黒田寛一は、『実践と場所 第一巻』において、「価値意識性」というカテゴリーをつくりだしている。

 「このように社会的人間存在の「人―間」的価値意識性が対象的に表現されている文化および「文化財」は、時代性・階級性を体現しながら、しかも変容をうけつつ、後代の階級社会におくられてゆくのである。」(584頁)

 彼はこのように言うのであるが、プロレタリア的価値意識、プロレタリア的主体の価値意識、人間主体の価値意識とは言わない。(歴史的過去について論じるのだとしても、その時代の支配階級の価値意識とか、被支配階級の価値意識とかとは言わない。)

 あくまでも、対象化されてあるものとしての「文化および「文化財」」から出発し、これに対象的に表現されてあるものとして説き起こすかたちで「社会的人間存在の「人―間」的価値意識性」が問題とされるのである。こういうことからして、人間主体の価値意識ではなく、人間と人間との間にあるものとして想定される「価値意識性」というようなものが問題とされるのである。かならず「性」という語がくっつけられるのである。

 このように論じられるかぎり、私は、それを担う諸実体をぬきさったところの関係なるものから出発する廣松渉を想起してしまうのである。

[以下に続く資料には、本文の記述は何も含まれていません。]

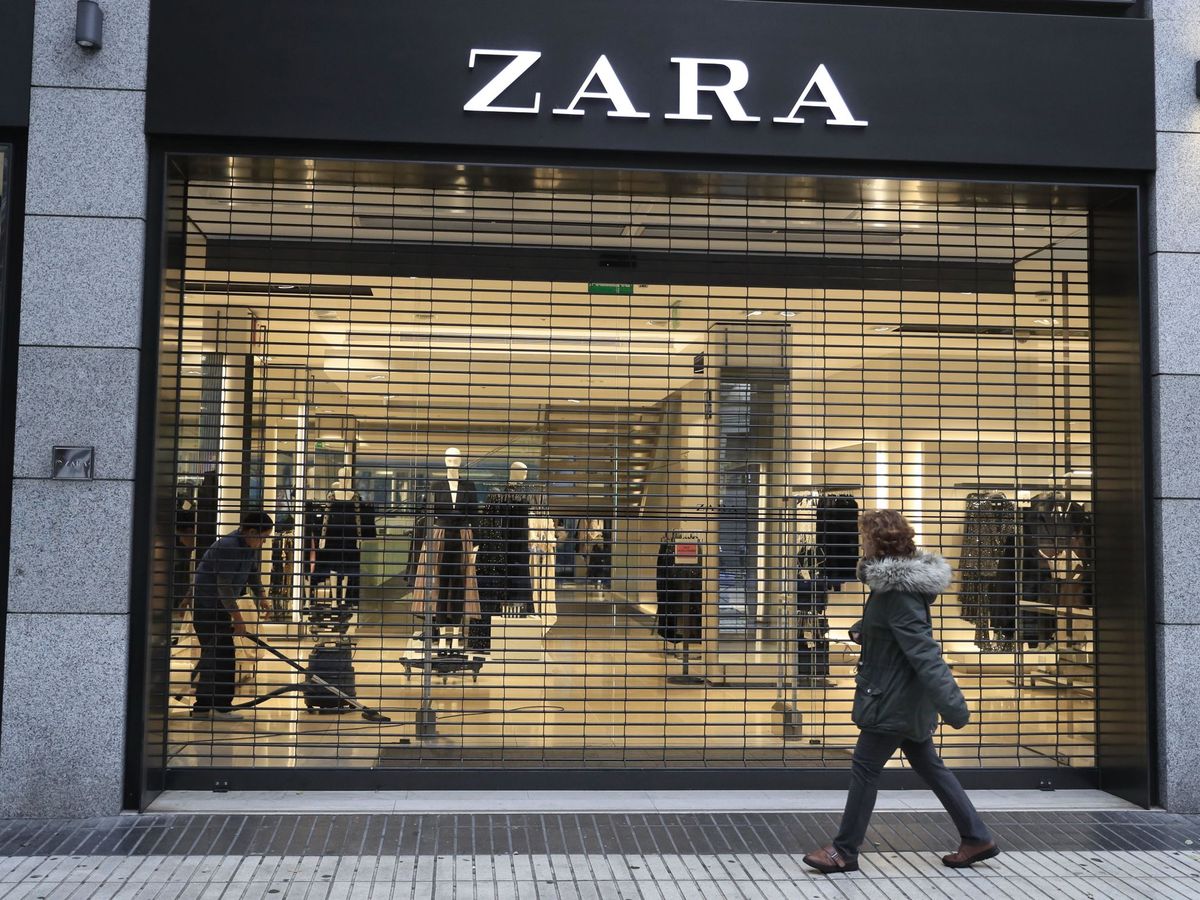 Foto: Vista de una tienda de Zara, que pertenece al grupo Inditex, en Madrid (EFE)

 たとえ「時代性・階級性」ということが語られたとしても、それは、「文化および「文化財」」が体現しているものとしてとりあげられるにすぎず、生きた人間そのものの階級性ではないのである。

 このような論じ方は、この『第一巻』においては、われわれの実践そのものの主体的解明については一切論じないとし、太古の昔からの社会的人間存在の歴史的発展をこの場所に畳みこまれているものとして存在論的に展開するとしていることによって許されている、といってよい。だが、前者から切り離して後者を論じるのであるかぎり、それは、歴史主義的で客観主義的なものに堕してしまうのである。

 いま引用した文の直前に書かれているのであるが「時代的な価値意識性」と表現したのでは、その時代に生きた人間主体が完全にぬきさられ、人間のいない時代と空に浮いた価値意識性なるものとが連関づけられるかたちで、価値意識性なるものが実体化されて論じられているのである。

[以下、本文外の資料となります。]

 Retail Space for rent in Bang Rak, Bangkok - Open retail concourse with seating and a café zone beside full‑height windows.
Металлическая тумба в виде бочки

 「「誰かが——誰かに」という社会的実体関係ないし階級関係が、したがってまたこの関係につらぬかれ浮きだしている意味(「何のために・なぜに」)や技能ないし技術(「どのように」)が、必然的に同時に把握されなければならない」(584頁)、などと語られるかぎり、これの主語部分は、敵階級にたいして・何のために・どのように・たたかうのかというように目的と手段を構想するわれわれないし階級的主体がいないところの客体化された社会的実体関係ないし階級関係と、それを考える主体がいず空中に浮かんでいる「何のために・なぜに」なるものや「どのように」なるものが関係づけられたものなのである。そのようにしたうえで、これを把握すべきだ、とされているのである。

 「この関係につらぬかれ浮きだしている意味」という表現は、いかにもおかしい。われわれが、この関係を分析することをとおして、われわれにとってそれのもつ意味をつかみとるのではないだろうか。この表現では、意味なるものが、この関係につらぬかれ浮きだしているものとして客観的に存在しているかのようである。

 黒田は、このような論理を駆使して、プロレタリア的主体たるわれわれのプロレタリア的価値意識を抹殺し、日本文化につらぬかれている日本人ないし日本民族の価値意識性というようなものを想定しているのである。